外頭鼓聲響,已是快到大朝會的時辰。德元帝這才慢慢起身,招來宮人穿朝服。

內侍和宮婢魚貫而入捧來朝服,帝王身著絳紗外袍,朱裡紅羅裳,內襯白紗單衣,絳紗蔽膝,白襪黑舄,腰側佩有兩條帛致白色絛帶。這都是大朝會時的帝王禮服,一旁的太子林懷湘穿戴與德元帝未有太多不同。

唯一不同的則是帝王冕上是垂玉珠十二旒,以組為纓,玉簪定之。皇太子垂白珠九旒,以犀角定之。
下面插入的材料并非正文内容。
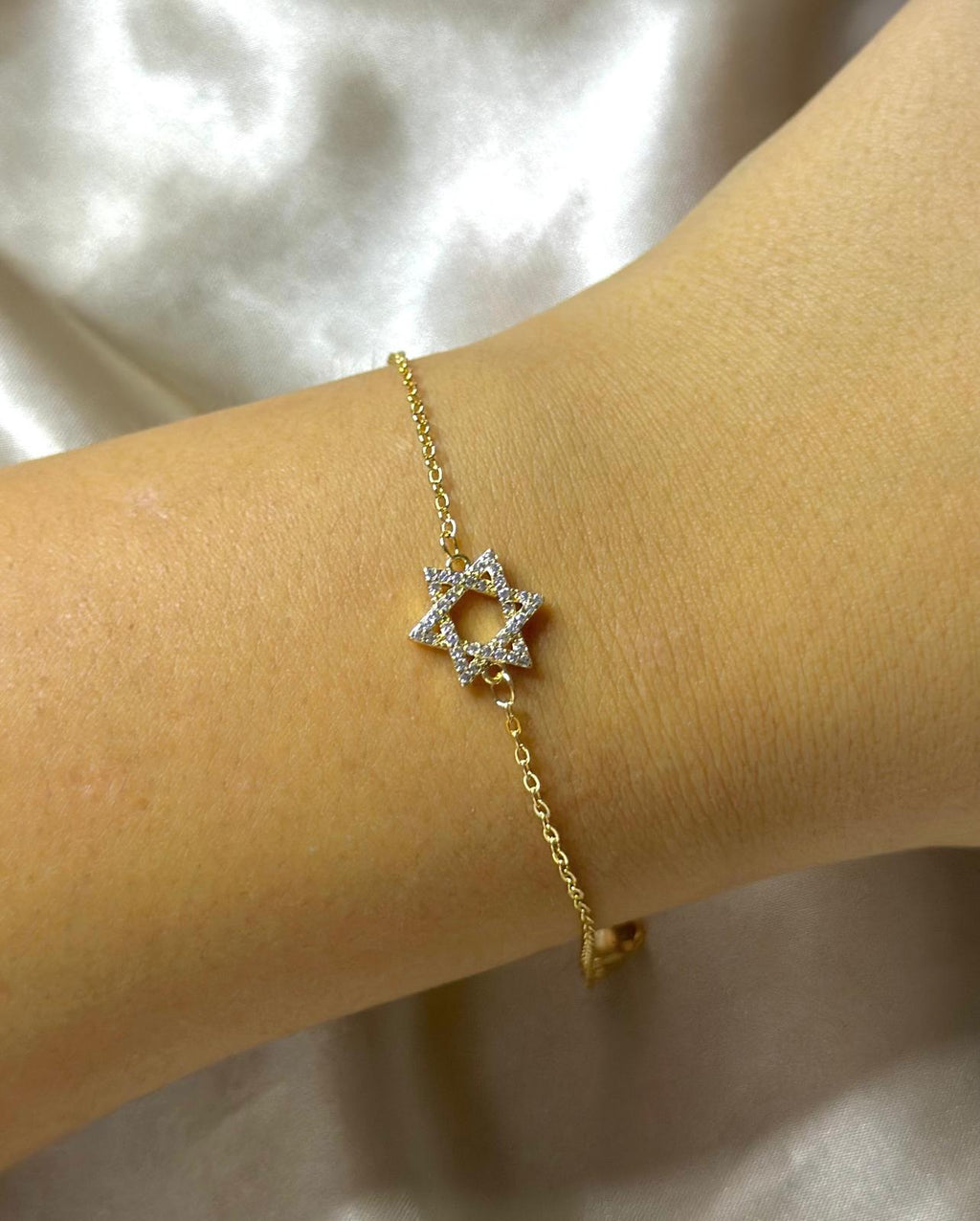 Star of David Bracelet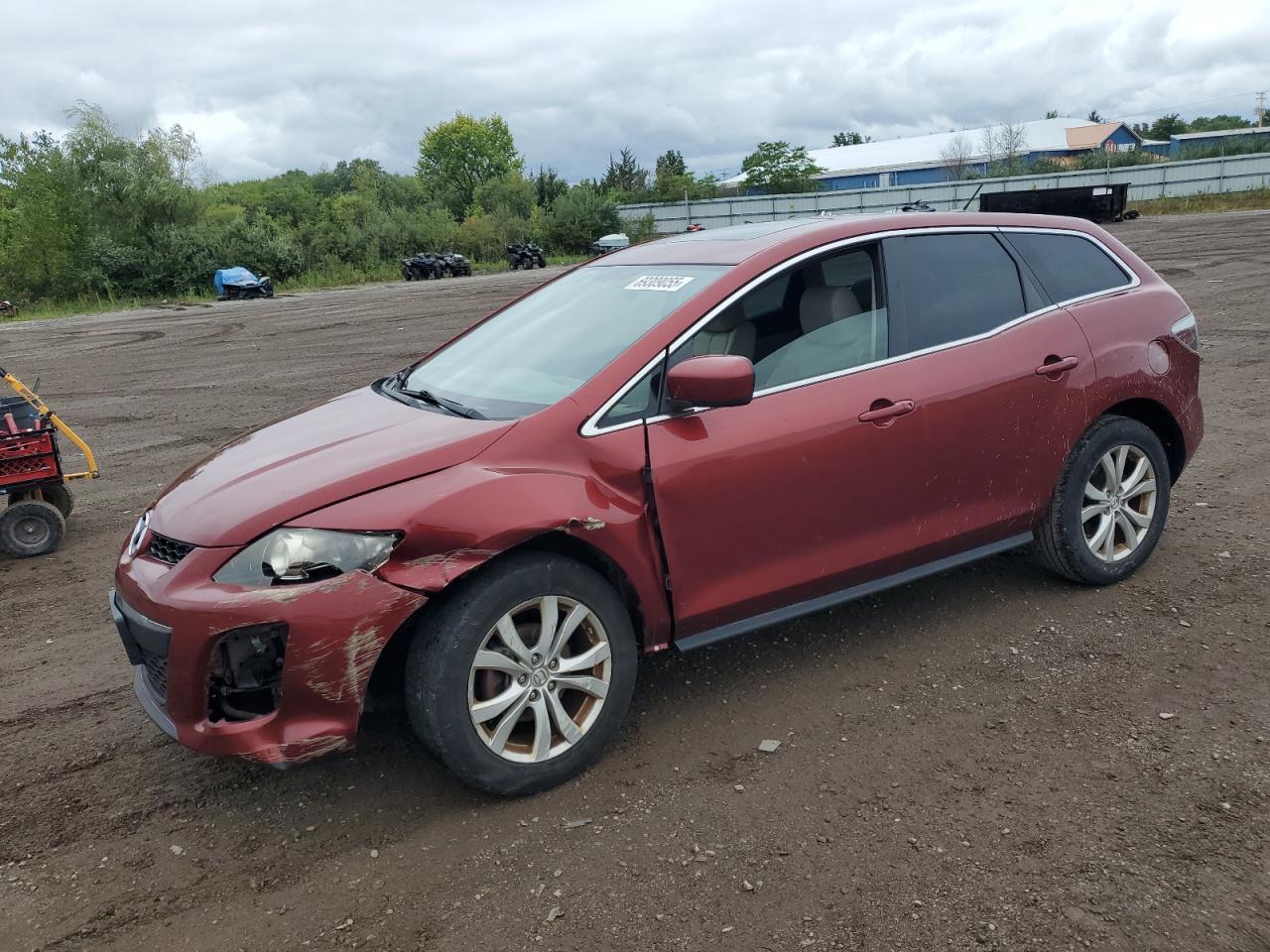 MAZDA CX-7 2011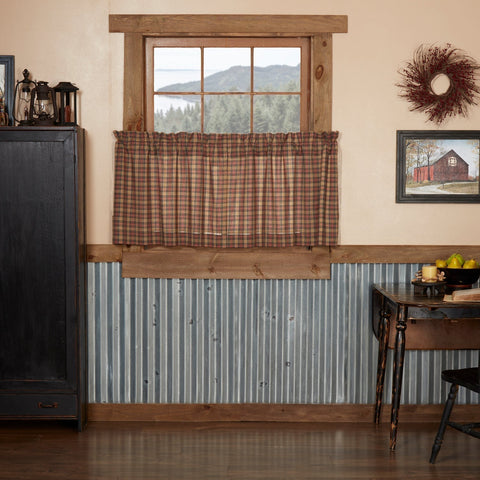 Crossboro Tier Curtains 24"-Lange General Store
宮婢有條不紊的服侍著德元帝穿衣,殿內隻有衣料簌簌之聲。

“太子,朝天觀修建的如何了?”德元帝看向林懷湘問道。

林懷湘揖禮回道:“回稟陛下,不日將會完工,還請陛下放心。”

“你平日裡多與中書令好好習著,史書百論你得讀明白。”德元帝自上次寧王事後,對林懷湘這個兒子是愈發趕上架,“心不要浮,任人也不要急。”

真玩人心和權術,劉千甫和德元帝是個頂個的高手。德元帝以劉千甫進言起草廢太子的詔書令群臣不滿,離間了太子和劉千甫的感情,他認為一旦有權力隔閡在人心裡,就會使對方遠離,可他萬沒算到自己這個兒子膽大妄為能到何處。

林懷湘道:“兒子明白。”

劉千甫則一直站在一旁沉吟不語,這時德元帝的衣裳、佩劍已上穿完畢,隻剩禮冠未戴。今日給德元帝戴冠的內侍踮著腳半天都未戴上,惹得德元帝心情煩悶,直接甩手擋開他,冷漠道:“怎麼辦事的?”

頓時殿內宮婢、內侍哆哆嗦嗦跪了一片。德元帝瞧著鏡中世界對鏡指著劉千甫,說:“中書令來。”

劉千甫眼底閃過一絲疑惑但很快反應過來頷首,拿過內侍捧著的玉簪走到德元帝麵前稍踮些許,為他把冕冠簪上,而後退之身旁。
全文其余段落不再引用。